Hint: As we know that the above given question is a word problem. A problem is a mathematical question written as one sentence or more describing a real life scenario where that problem needs to be solved by the way of mathematical calculation. We can solve the given problem by applying the method of mathematical equations and then simplify it.

Complete step by step solution:
We need to first understand the requirement of the question which is the weight of each type of box. Now we will form the equation according to the parts of the question.
Let us assume the weight of box $ A $ be $ x $ and the weight of box $ B $ be $ y $ . It is given that when $ 150 $ boxes of type $ A $ and $ 100 $ boxes of type $ B $ are loaded in the truck, it weighs $ 10 $ tons.
We know that $ 1 $ ton $ = 1000kg $ . So $ 10 $ tons is equal to $ 10000kg $ .
Now we have the first equation: $ 150x + 100y = 10000 $ . By simplifying it in the simpler form, we divide the whole equation by $ 50 $ . It gives us
 $ \dfrac{{150x}}{{50}} + \dfrac{{100y}}{{50}} = \dfrac{{10000}}{{50}} $ .
So the new equation is $ 3x + 2y = 200 $ .
We have another statement which says that when $ 260 $ boxes of type $ A $ are loaded in the truck, it can still accommodate $ 40 $ boxes of type $ B $ , so that it is fully loaded. So the second equation is $ 260x + 40y = 10000 $ . We will simplify the equation again by dividing it with $ 10 $ . It gives $ \dfrac{{260x}}{{20}} + \dfrac{{40y}}{{20}} = \dfrac{{10000}}{{20}} $ . So the new equation is: $ 3x + 2y = 500 $ .
We will now subtract the first equation from the second: $ 13x - 3x + 2y - 2y = 500 - 200 $
It gives us
 $ 10x = 300 \\
\Rightarrow x = \dfrac{{300}}{{10}}
 $ .
So the value of $ x = 30 $ . Now by substituting the value of $ x $ in the first equation:
 $ 3 \times 30 + 2y = 200 $ . On further solving we have
 $ 90 + 2y = 200 \\
\Rightarrow 2y = 200 - 90
 $ .
 $ \Rightarrow 2y = 110 \\
\Rightarrow y = \dfrac{{110}}{0} = 55
 $ .
Hence the weight of box $ A $ is $ 30kg $ and the weight of box $ B $ is $ 55kg $ .

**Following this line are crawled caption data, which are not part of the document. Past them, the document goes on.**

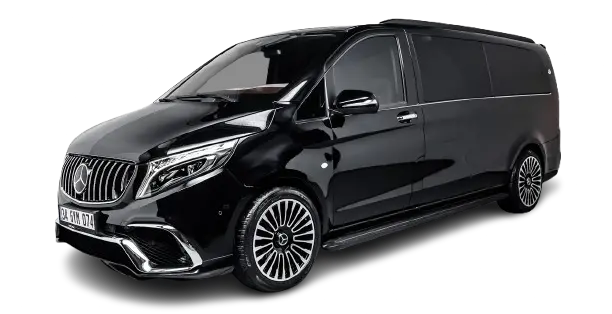 bodrum vip transfer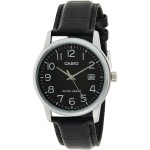 Ceas Bărbați Casio COLLECTION Negru (Ø 37 mm)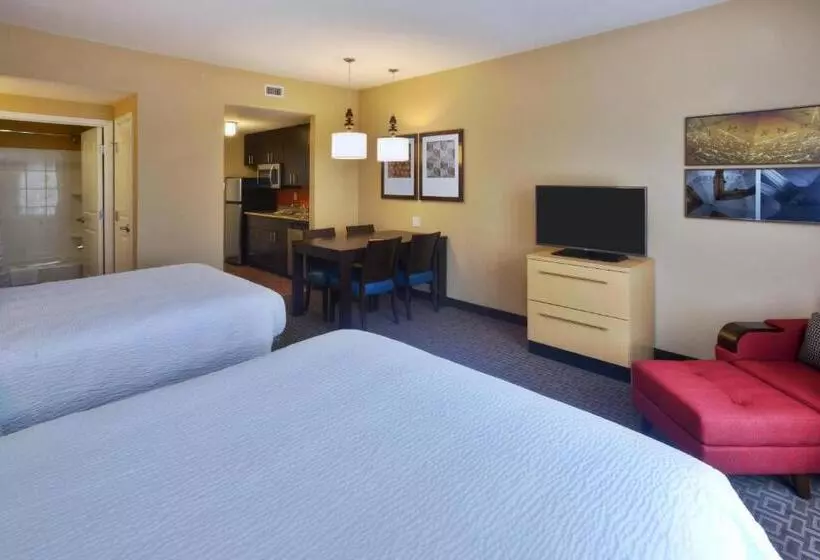 スタンダードスタジオ, Towneplace Suites By Marriott Franklin Cool Springs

So, the correct answer is “The weight of box $ A $ is $ 30kg $ and the weight of box $ B $ is $ 55kg $ ”.

Note: We should always be careful what the question is asking i.e. weight of each type of box which includes two different types of boxes. Based on the requirement and by observing all the necessary information that is already available in the question we gather the information and then create an equation or by unitary method whichever is applicable, then we solve the problem and then verify the answer by putting the value in the problem and see whether we get the same answer or not.